The massive circular stone entrance that was used to protect the city from invaders is one of the Kaymakli Underground City’s significant symbols. The door could only be opened from the inside and is estimated to weigh over a thousand pounds. The air conditioning system, which is still functional and is said to have been utilized to control the city's temperature and humidity, is another noteworthy aspect.
As we mentioned earlier, the underground city has eight stories, although only four of them are accessible to the general public right now. On these four floors, the rooms are arranged around ventilation shafts. Let’s have a look at the floors and what’s on them.
The first floor of the underground city is the stable. The tiny size of this space raises the possibility that there are other stables in open parts. A millstone door in the corridor to the left of the stable opens into the sanctuary. Rooms with living spaces have been hollowed out to the right of the corridor.

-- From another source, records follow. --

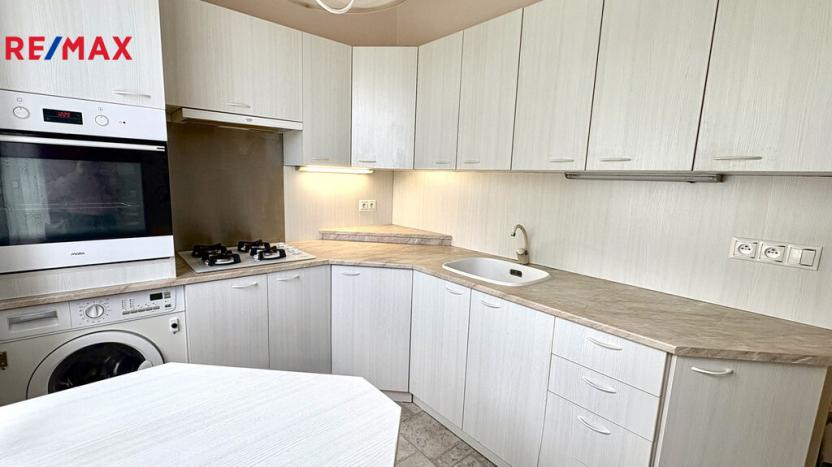 Prodej bytu 3+1, Ostrov, Kollárova, 67 m2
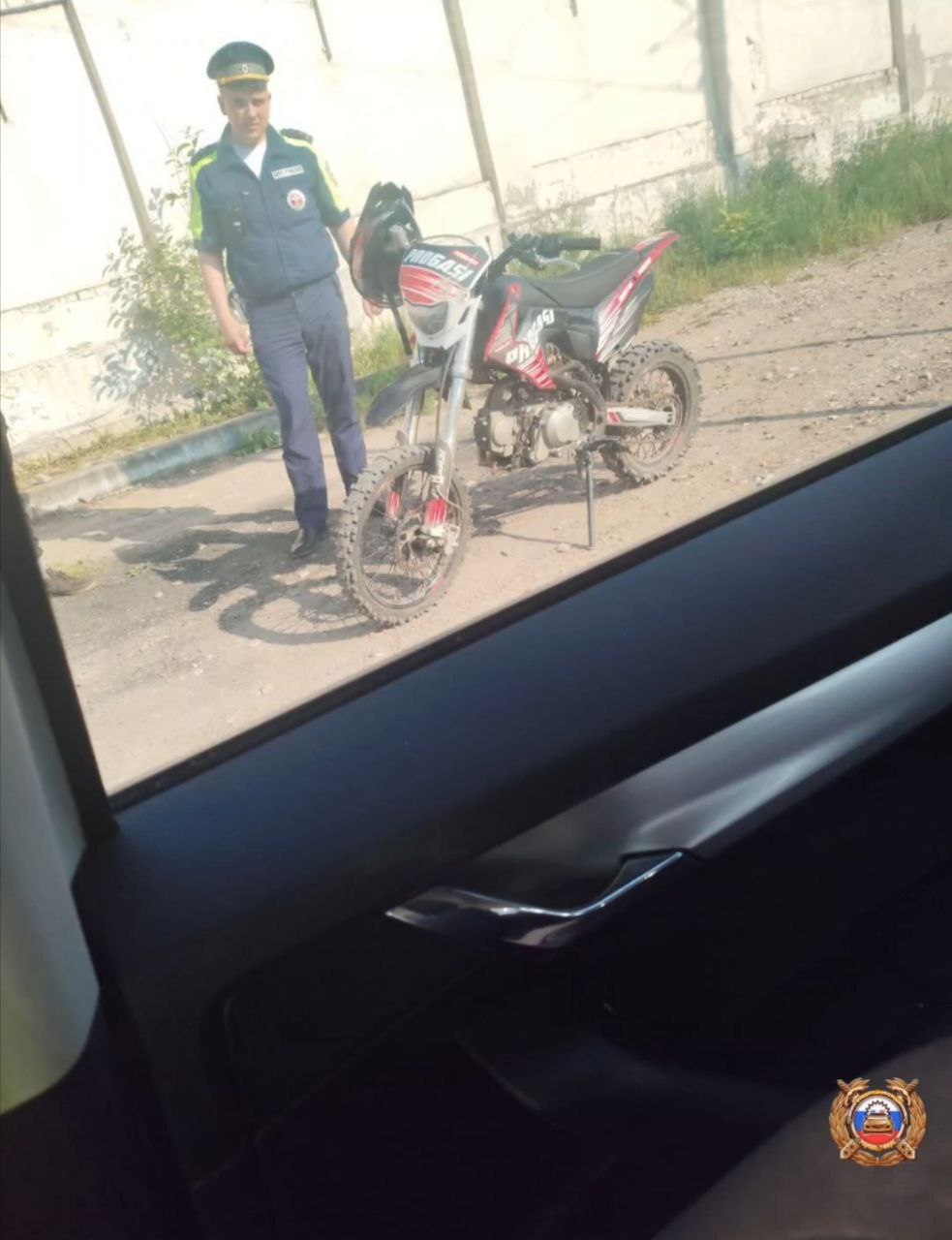 Некоторым всё нипочем В Твери 15-летний подросток управлял питбайком прямо на городских улицах. Его остановили сотрудники Госавтоинспекции. Водителя доставили в Заволжский отдел полиции, а питбайк — на специализированную стоянку. Отец подростка также был вызван на место происшествия. Материалы передали в подразделение по делам несовершеннолетних, чтобы рассмотреть вопрос о привлечении родителей к ответственности за ненадлежащее исполнение обязанностей по воспитанию ребенка. Пилот Подписаться #ГАИ #питбайк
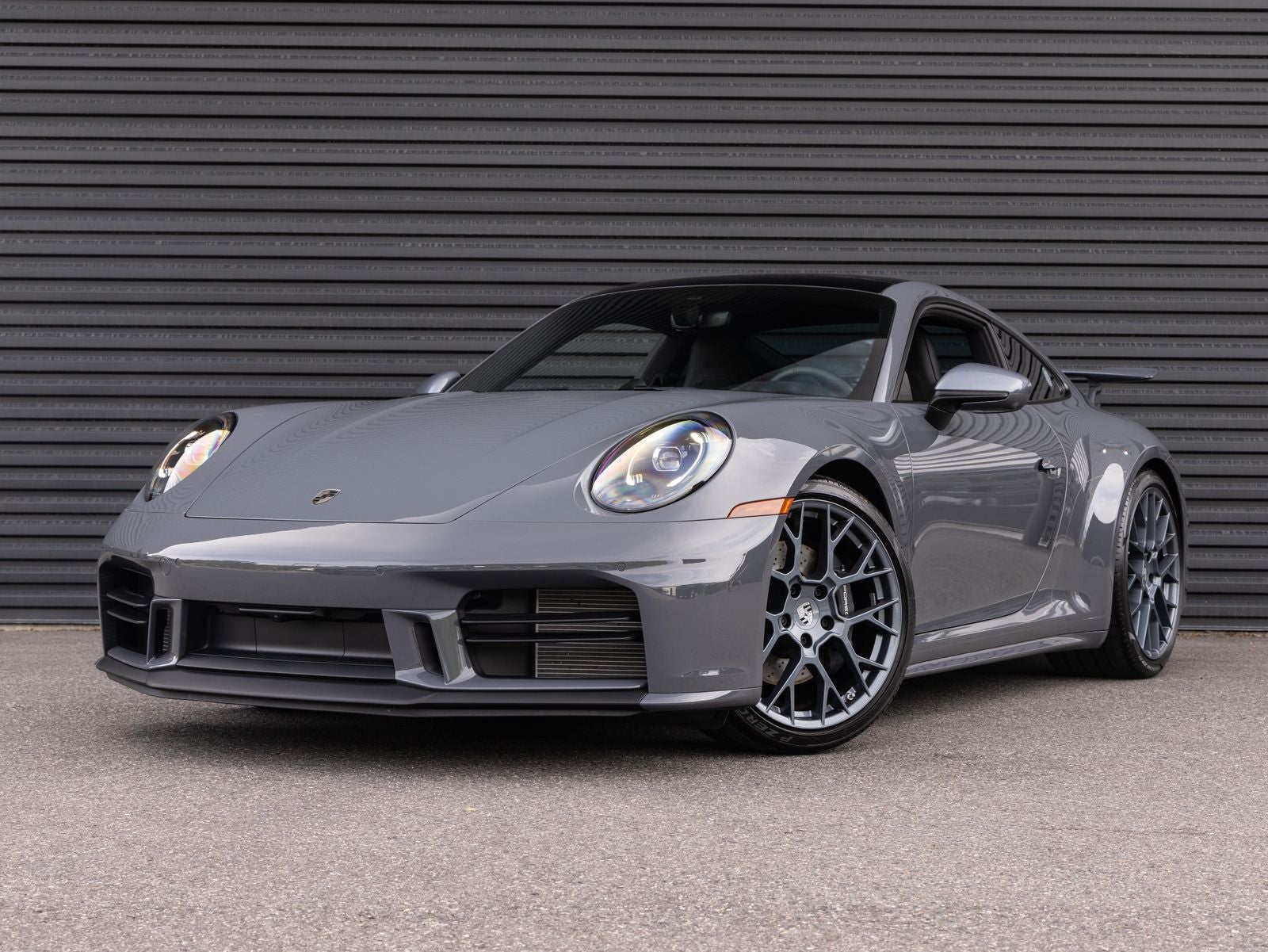 2025 Porsche 911 Carrera T
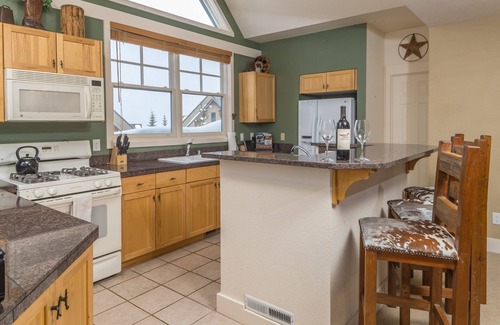 Saddle Ridge Condominio | Ski in/Ski out Big Sky Retreat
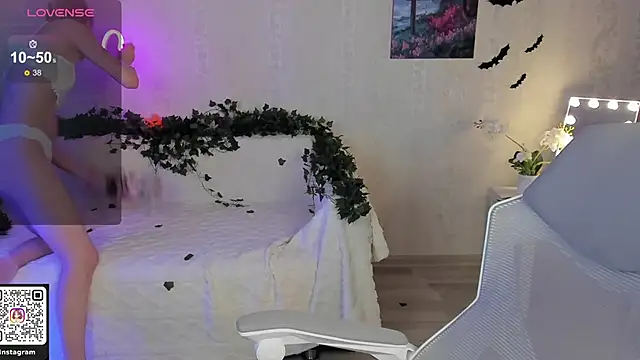 ArleneThomas online show from November 5, 2025, 1:00 pm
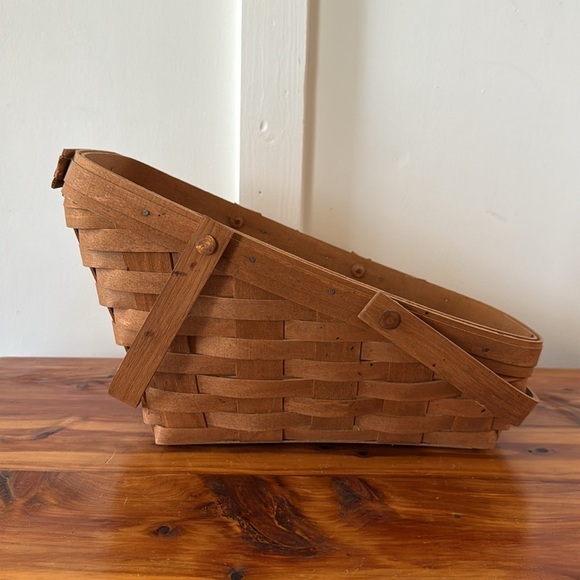 Vintage 1988 Longaberger Medium Vegetable Basket w/ Swing Handles - Picture 2 of 7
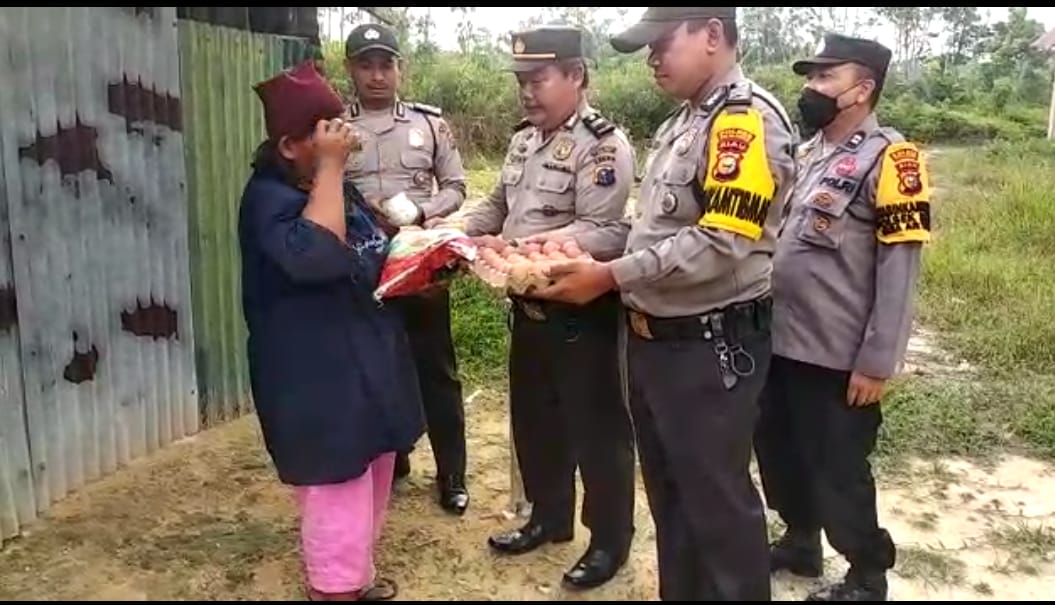 Menyambut HUT Bhayangkara Ke â€“ 76 Polsek Bunut Bagikan Paket Sembako Untuk Masyarakat Kurang Mampu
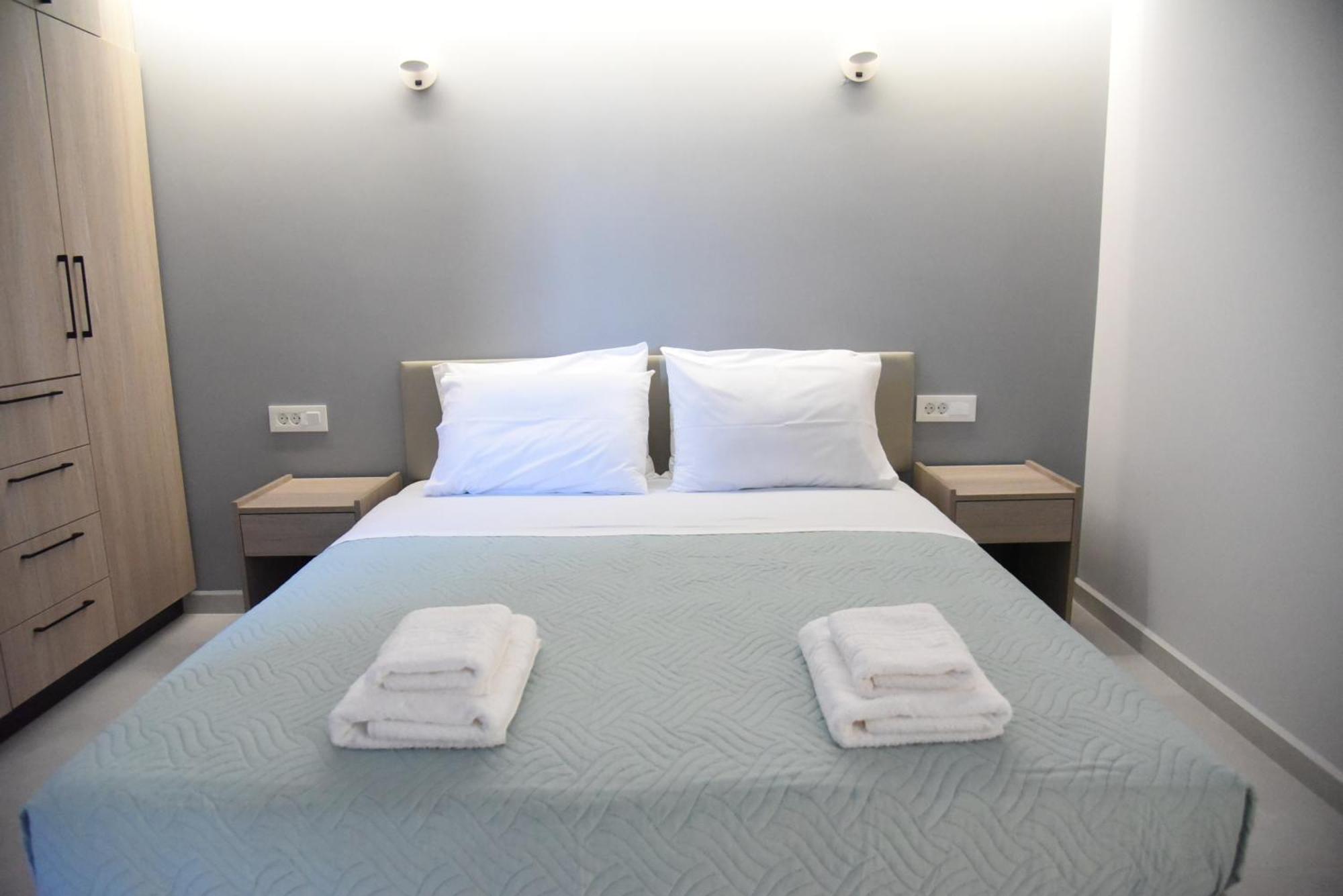 Pirgos Deluxe Apartment - Private Parking กิสเซมอส ภายนอก รูปภาพ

The second floor is for worship and there is a church carved there. The church features two apses and one nave. There is an altar in front of the apses, and there are platforms for people to sit. On this floor, there are also some dwelling spaces. There are many rock-caved churches in Cappadocia because of the fear of outsiders but seeing a house of worship underground, will make you feel how strong their belief was.
The third floor of the underground city contains the most significant locations. The andesite block with relief texture that can be seen on this floor is quite interesting, in addition to the numerous storage spaces, vineyards, and kitchens. Modern studies have demonstrated that this stone served as a copper melting kettle. The stone was not imported; rather, it was a piece of the andesite stratum that had been exposed during the hollowing process. On the surface of the stone, 57 holes were etched so that it could be used as a melting pot. Hard rock would be used to smash the copper ore, which was about 10 cm long, into one of those holes. The prehistoric periods are when this method first became popular. How humanity carries its culture is amazing.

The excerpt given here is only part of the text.